→ Aim of the exercise
In the entries below, begin at the line that has "TI8比赛对阵图详解及各战队分组情况", stop after the line that has "Rag Company transparent", and output those lines exactly with no pictures.

→ Record excerpts
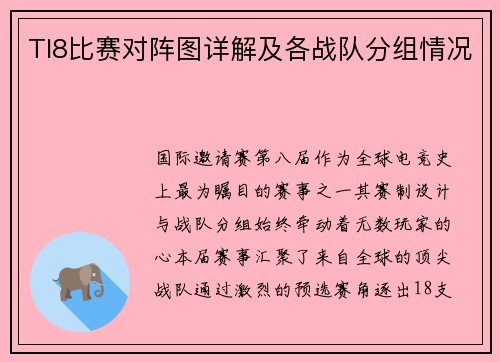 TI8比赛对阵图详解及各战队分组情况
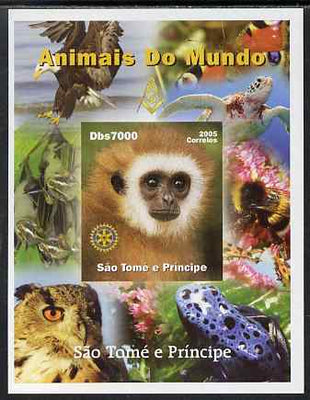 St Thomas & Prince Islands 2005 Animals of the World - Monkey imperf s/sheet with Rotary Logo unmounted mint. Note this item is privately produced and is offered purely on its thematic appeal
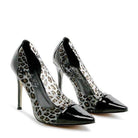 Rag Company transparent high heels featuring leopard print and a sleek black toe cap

--

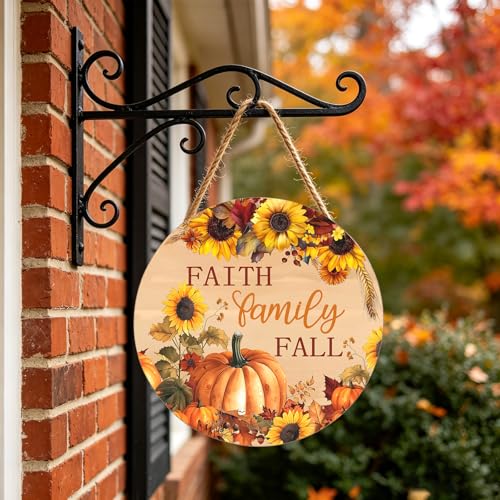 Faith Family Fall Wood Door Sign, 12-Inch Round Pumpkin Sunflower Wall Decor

→ Task answer
 TI8比赛对阵图详解及各战队分组情况
 St Thomas & Prince Islands 2005 Animals of the World - Monkey imperf s/sheet with Rotary Logo unmounted mint. Note this item is privately produced and is offered purely on its thematic appeal
 Rag Company transparent high heels featuring leopard print and a sleek black toe cap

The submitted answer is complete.